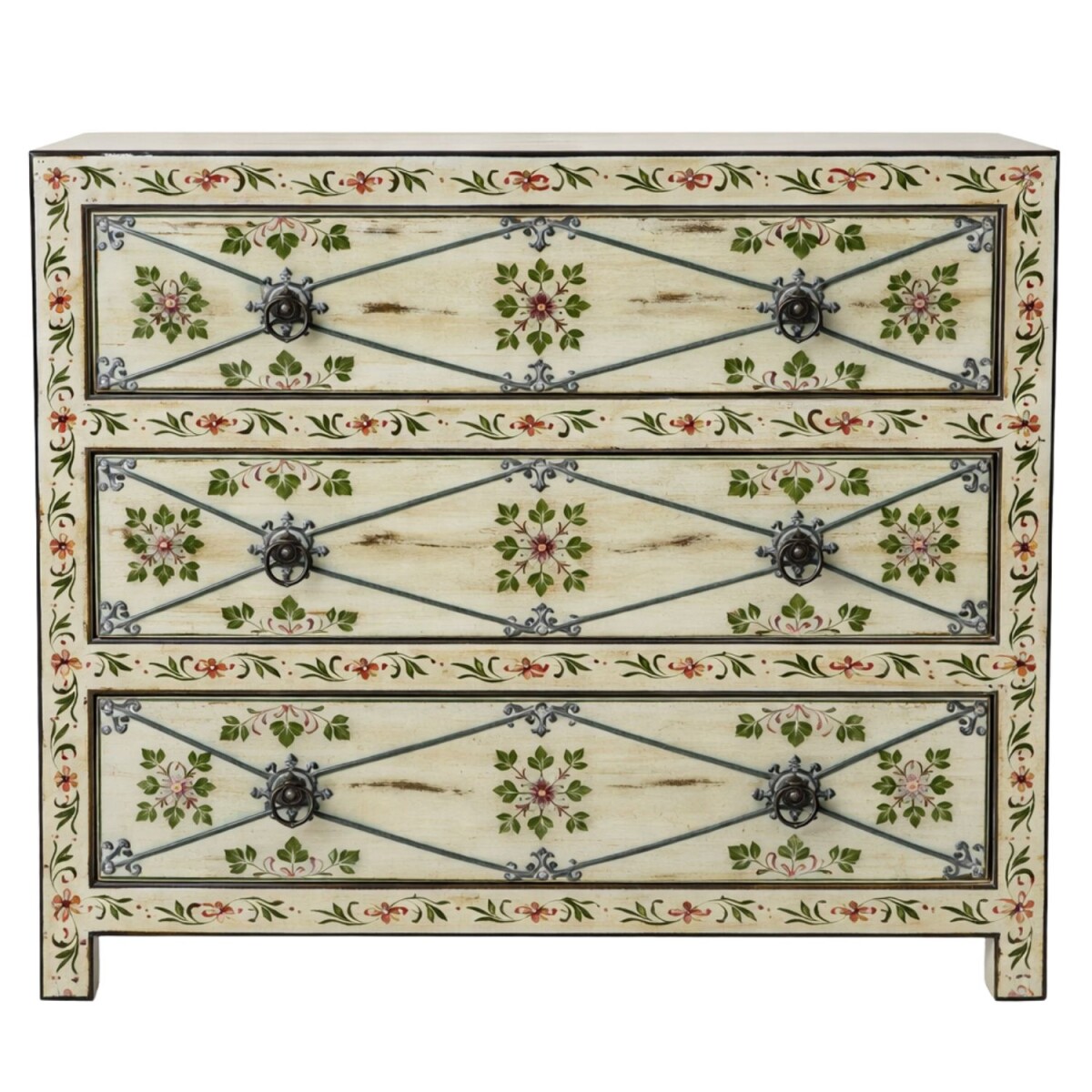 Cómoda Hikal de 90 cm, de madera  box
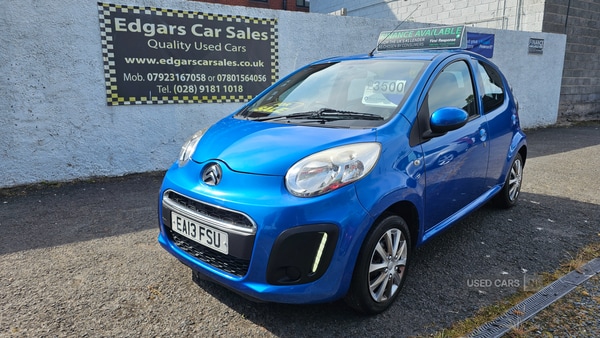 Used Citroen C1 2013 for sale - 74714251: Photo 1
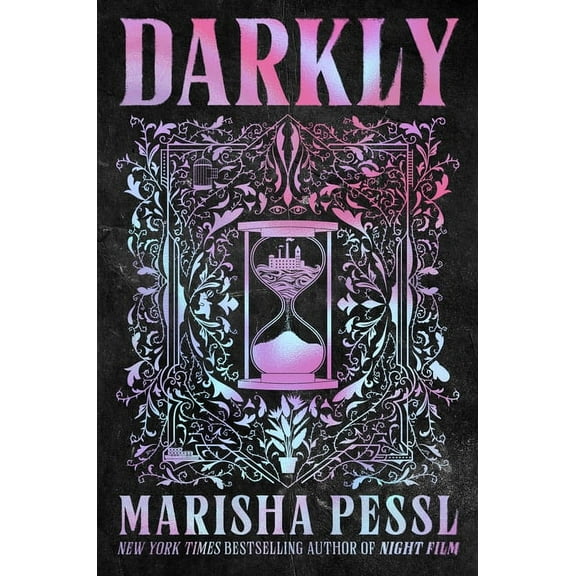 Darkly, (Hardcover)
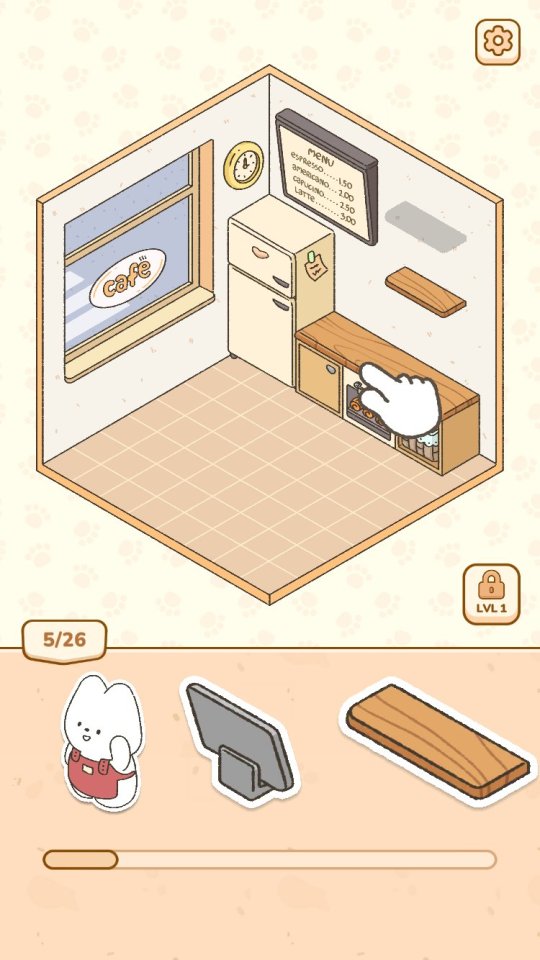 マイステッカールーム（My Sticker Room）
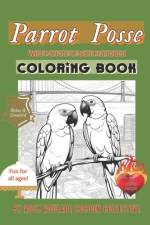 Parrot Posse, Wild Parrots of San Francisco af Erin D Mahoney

------------------------------------------------------------

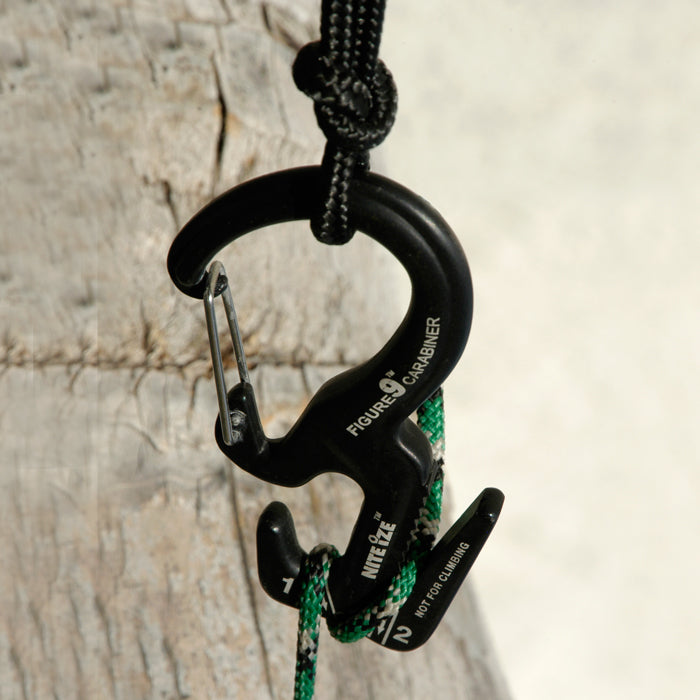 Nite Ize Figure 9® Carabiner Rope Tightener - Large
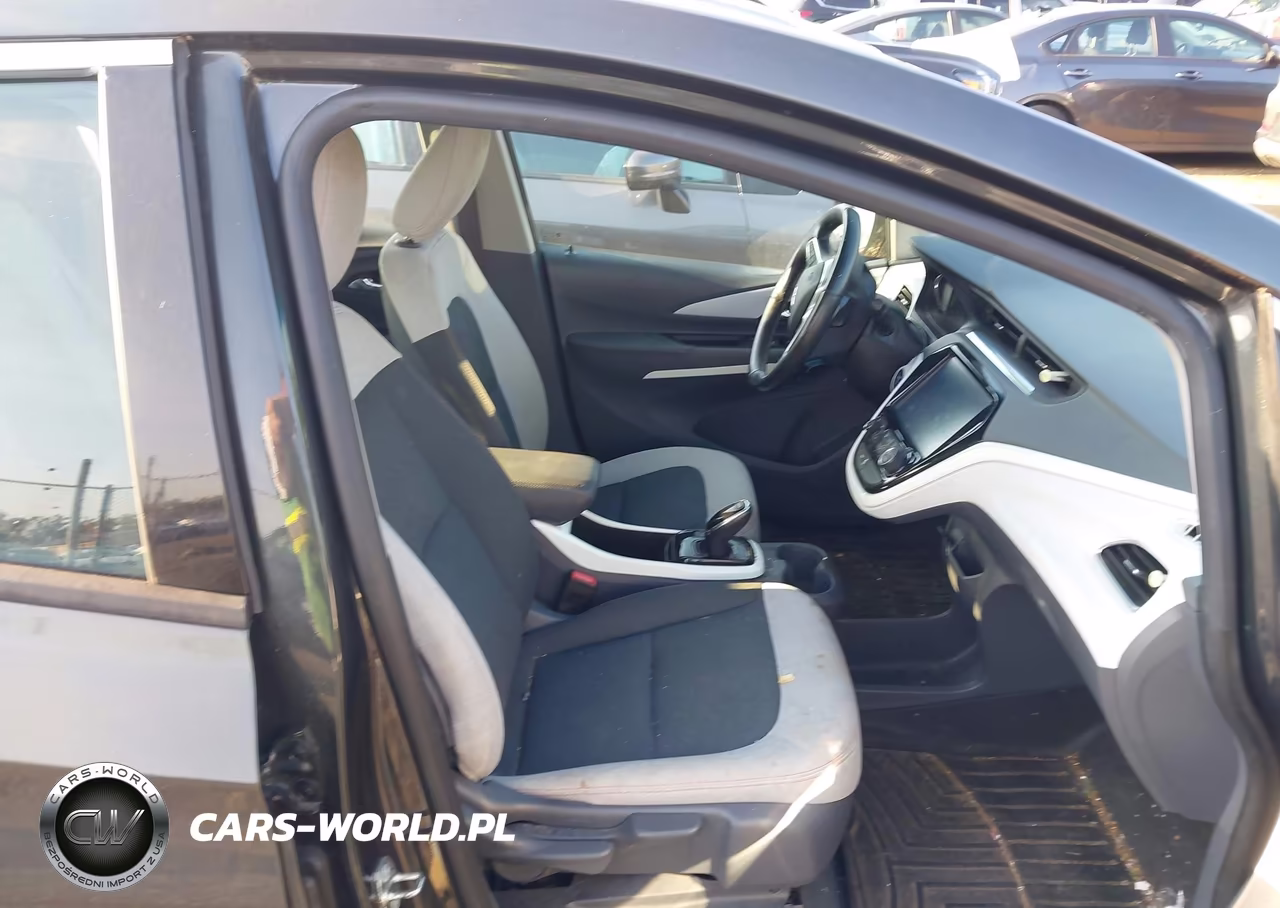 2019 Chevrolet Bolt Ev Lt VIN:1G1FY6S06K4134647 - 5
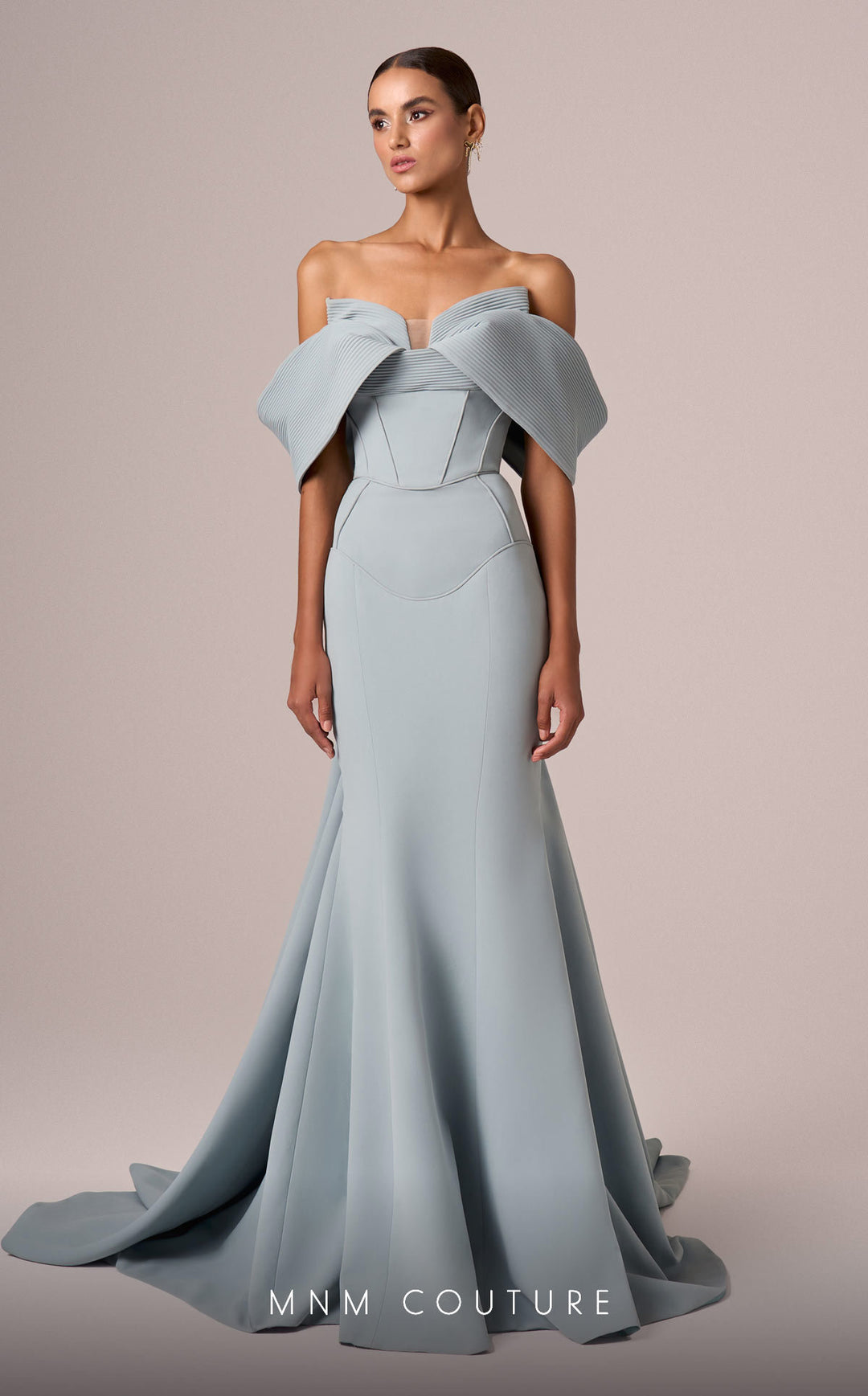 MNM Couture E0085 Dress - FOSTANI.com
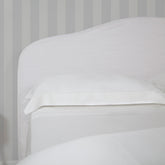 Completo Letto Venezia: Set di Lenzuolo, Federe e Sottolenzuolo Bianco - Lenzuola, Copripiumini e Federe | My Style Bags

------------------------------------------------------------

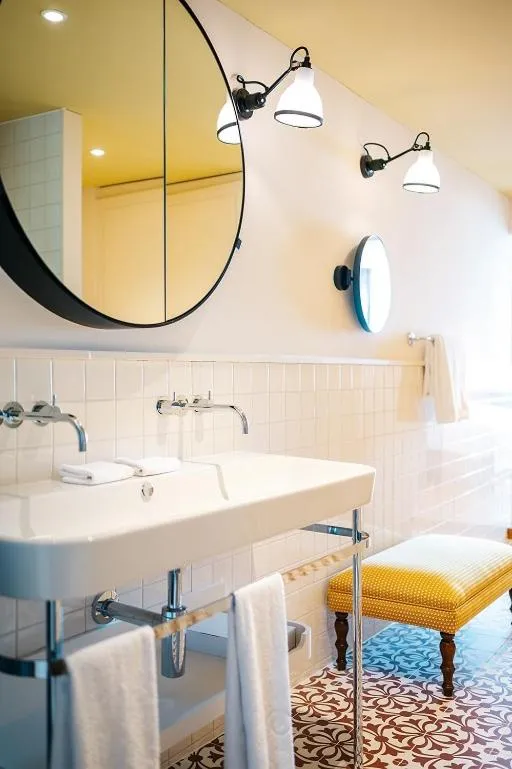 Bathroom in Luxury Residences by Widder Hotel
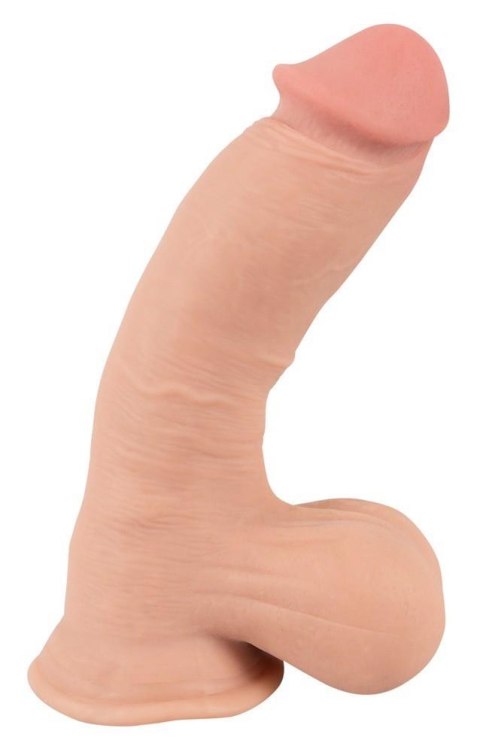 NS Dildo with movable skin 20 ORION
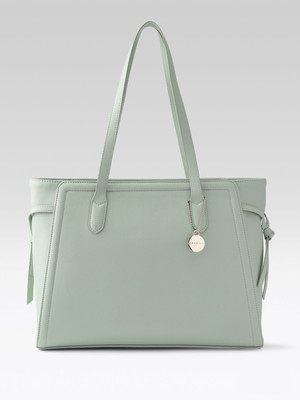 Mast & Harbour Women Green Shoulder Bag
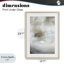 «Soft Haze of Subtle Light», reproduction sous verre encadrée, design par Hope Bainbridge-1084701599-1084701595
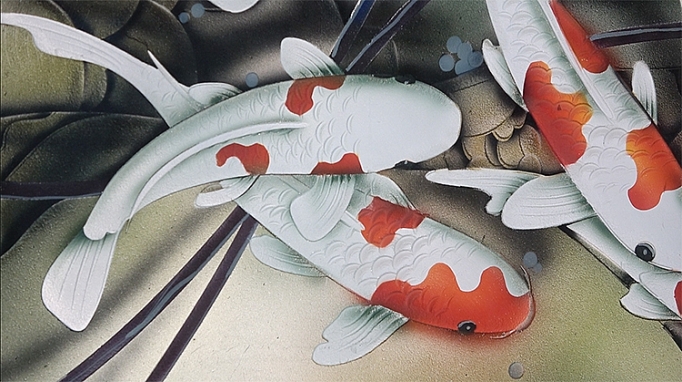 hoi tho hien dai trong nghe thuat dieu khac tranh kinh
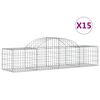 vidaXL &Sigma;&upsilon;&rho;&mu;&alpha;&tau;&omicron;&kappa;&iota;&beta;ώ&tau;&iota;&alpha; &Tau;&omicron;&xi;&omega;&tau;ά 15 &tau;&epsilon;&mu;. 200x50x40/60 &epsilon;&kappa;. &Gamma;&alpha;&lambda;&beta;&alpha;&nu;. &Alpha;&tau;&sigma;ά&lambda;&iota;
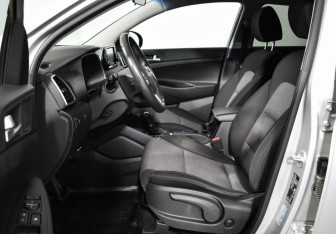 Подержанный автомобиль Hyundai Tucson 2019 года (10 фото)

------------------------------------------------------------

• [WORK TO COMPLETE]:
Print exactly, with no pictures, the lines above from the one that holds "Cómoda Hikal de" through the one that holds "Parrot Posse, Wild", both of them included.

• [YOUR SOLUTION]:
 Cómoda Hikal de 90 cm, de madera  box
 Used Citroen C1 2013 for sale - 74714251: Photo 1
 Darkly, (Hardcover)
 マイステッカールーム（My Sticker Room）
 Parrot Posse, Wild Parrots of San Francisco af Erin D Mahoney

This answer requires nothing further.